FICO instructs how to build and improve credit score

FICO instructs how to build and improve credit score


Your credit score matters.

Those three little digits help financial institutions decide whether to give you a loan and on what terms. The higher your score, the less risky you appear to lenders — and that means you'll pay less interest.

The FICOSee note® score, used by many lenders, ranges from 300 to 850, but there are other scores with a similar point range. All reflect how you handle financial commitments. Knowing what lenders deem risky can help you avoid mistakes.

The FICO score is calculated from these five factors:

  • Your payment track record
  • How much you owe
  • How long you've had credit
  • Whether you're requesting new credit
  • The types of credit accounts you open

Raising Your Score

Made mistakes in the past? The good news is improving your behavior can boost your score:
•Pay all of your bills on time, every time. That affects a third of your score.
•Don't carry a credit card balance or, at a minimum, keep it below 25% of the limit.
•Responsibly manage a variety of debts, such as a car loan, a mortgage, credit cards and student loans.
•Keep older credit card accounts and avoid opening new ones.

Even if you change bad financial behaviors, improving your history takes time. Late payments remain on your credit report for seven years.

The further you put your missteps in the rearview mirror, the less they hurt your score. If your report is otherwise pristine, a single late payment should stop affecting your score in six to 12 months.

"Your score is a reflection of your overall body of credit work, but it does reflect the notion of 'what have you done — or not done — for me lately,'" says JJ Montanaro, a CERTIFIED FINANCIAL PLANNER™ with USAA.

Building Credit History

If you have little or no credit history, you'll need to build it.
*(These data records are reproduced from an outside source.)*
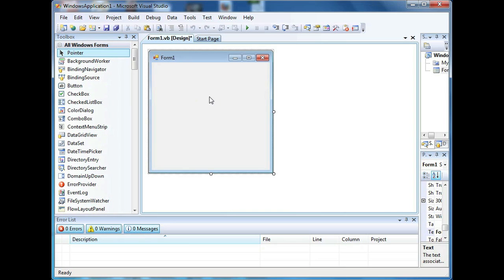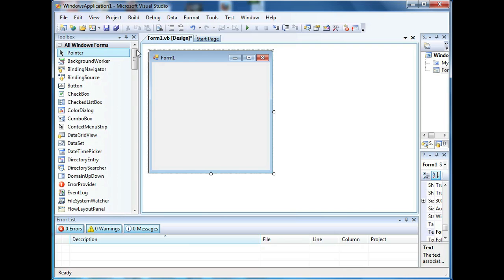So let's go to our vb.net and as you can see, I have my main window open which has a form. In order to create a new window, you want to go to Project and click Add Windows Form.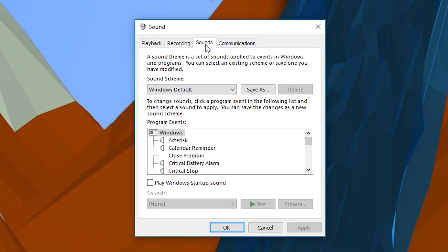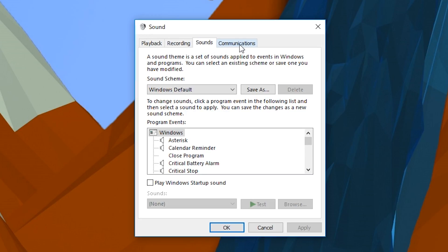From here a little panel should open up with our sounds window. And what we're going to do is click on the communications tab from here. Once this opens up, it should be by default set to reduce the volume of other sounds by 80%. From here what we want to do is set it to do nothing and click apply.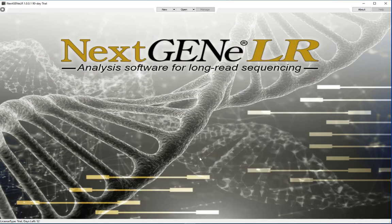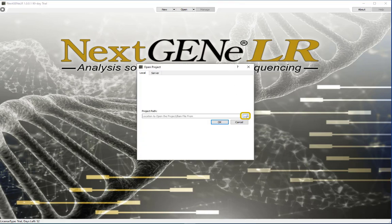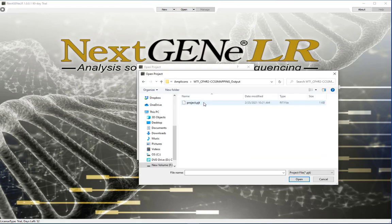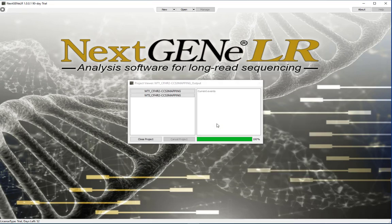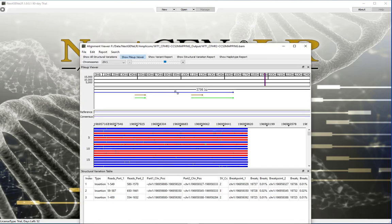Samples can also be loaded in the viewer later using either one of two options. First, you can load the full project in the project viewer again by clicking the down arrow next to Open and selecting Open Project. Then click the button to browse to the location where the project.pjt file was saved, then click OK. This will load the project in the project viewer with the buttons active for each sample. Click the name of any sample to open the sample in the viewer.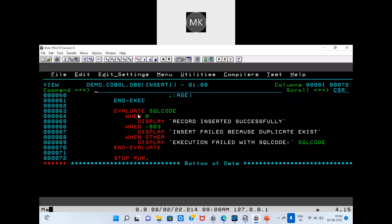I am evaluating the SQL code. If it is 0, the record is inserted successfully. If you get SQL code minus 803, that means a duplicate record — the record is already present and you are trying to insert it again. In my DB2 table, the primary key constraint prevents inserting a duplicate record. So minus 803: I am displaying 'insert failed because duplicate exists'.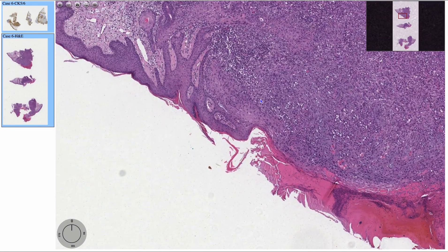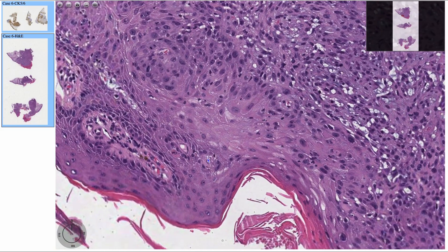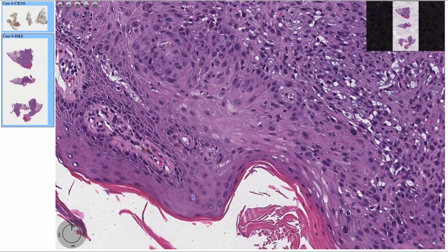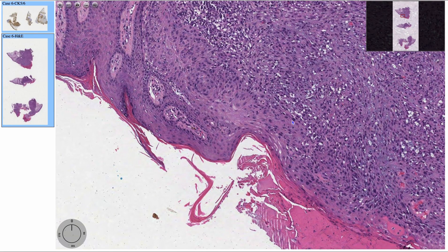And we see this epidermal proliferation with ulceration that extends to the dermis and subcutis. You can see here the epidermis where you can appreciate the intercellular bridges, and then it kind of becomes dysplastic here. And you can see the transition and the extension to the dermis.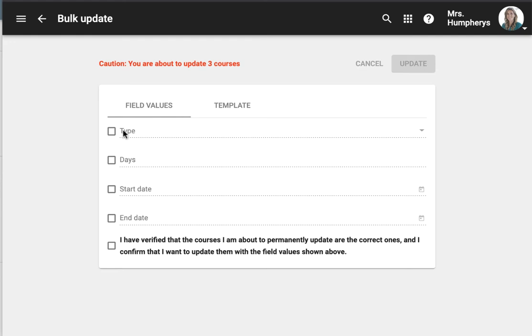I could bulk update the type from range to continuous. Range has a start and end date. Continuous you would choose the number of days that it would run. You would also give it a start and an end date. The start date is when it's viewable to students and the end date is when it's no longer viewable to students.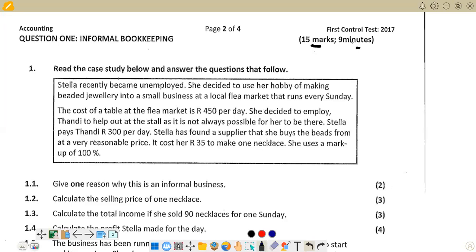That is the explanation of informal bookkeeping. Now let's go through the question. The question reads: read the case study below and answer the questions that follow. Stella recently became unemployed and decided to turn her hobby of making beads into a small business at a local free market. The cost of a table at the free market is 450 rands per table. She employs Tandy at 300 rands per day. It costs 35 rands to make one necklace and she uses a markup of 100 percent.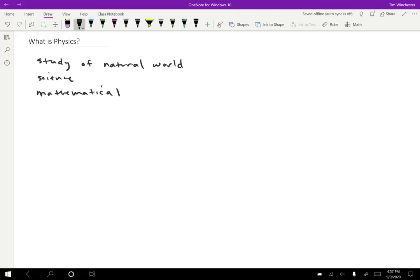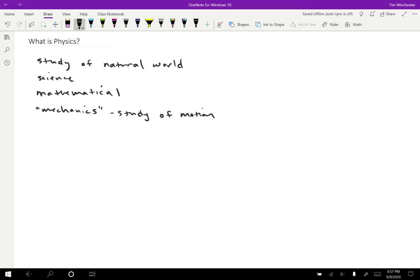So the physics specifically that we're going to study this quarter is the physics of motion. And there's a name for that. The study of motion is called mechanics. And we'll go into this study in a lot of different directions. So we'll start out by just describing how things move and coming up with some tools to understand that.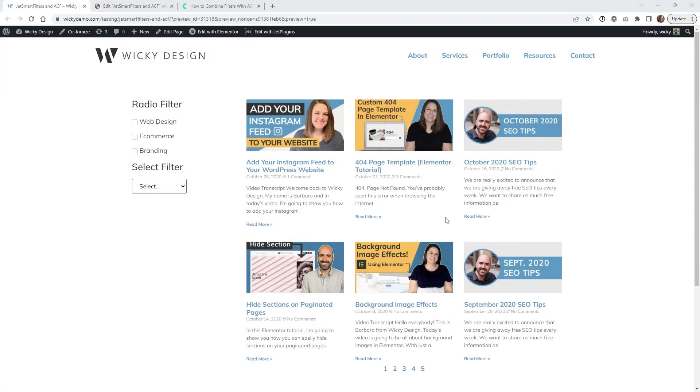Hi this is Mark from Wikidesign. In this JetSmart filters tutorial I'm going to show you how you can easily combine JetSmart filters with ACF fields like this.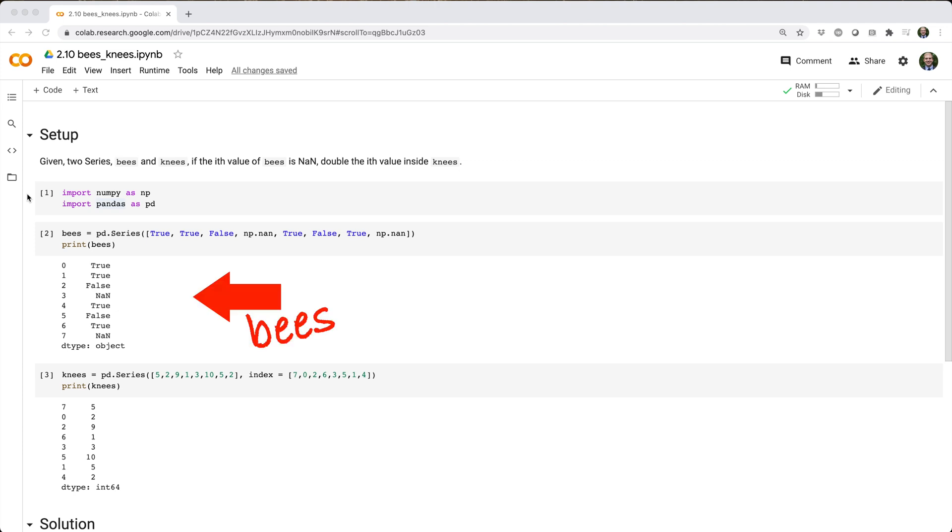Given two series, bees and knees, if the i-th value of bees is nan, double the i-th value inside knees.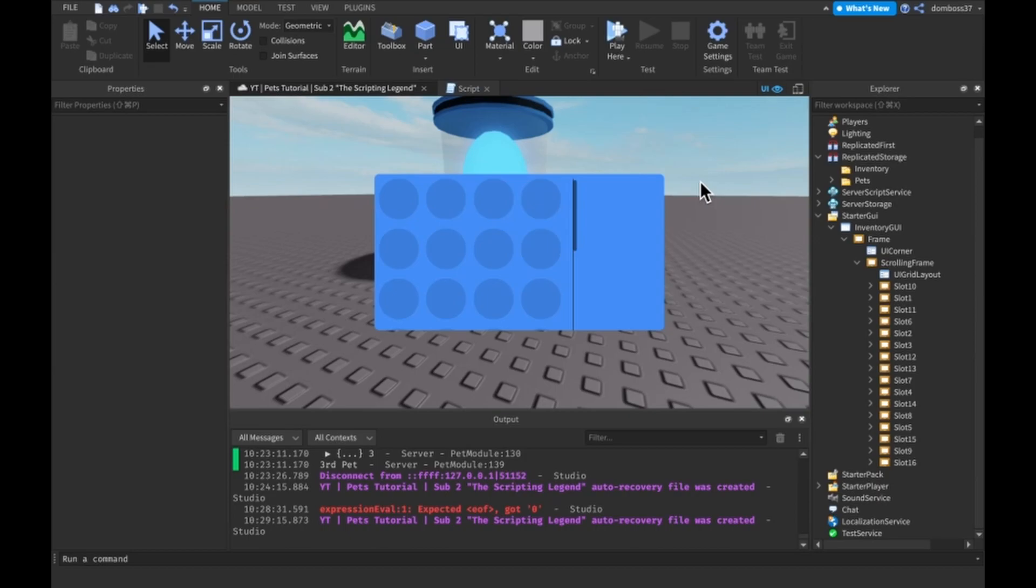All right guys, well anyways, that is it for today's video. If you guys enjoyed the video and this helped you out, please remember to leave a like and subscribe. Now remember next video we will be making this inventory system actually show what pets we have and maybe even like show stats and maybe even do deleting.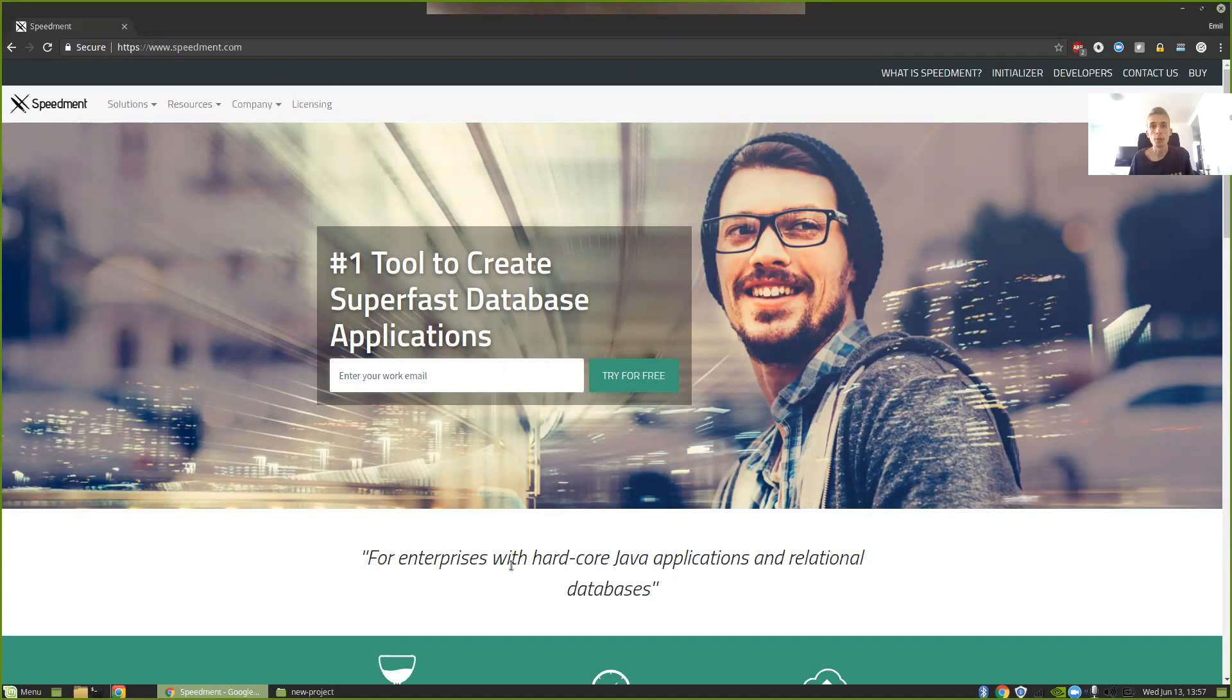Hello and welcome to this tutorial. Today I'm going to show you how easy it is to get started with SpeedMod using something called Initializer. To find the Initializer you head over to the SpeedMod website.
Retail or gas cards and loans secured by property, such as furniture or a car, tend to be easiest to obtain. Some banks offer secured credit cards for customers who need to establish credit. The cards are secured by a deposit account owned by the cardholder. Most often, cardholders must deposit between 100% and 200% of their desired credit limit.

Another alternative: Consider asking a parent with good credit to add you as an authorized user on his or her card or to co-sign a low-limit credit card application.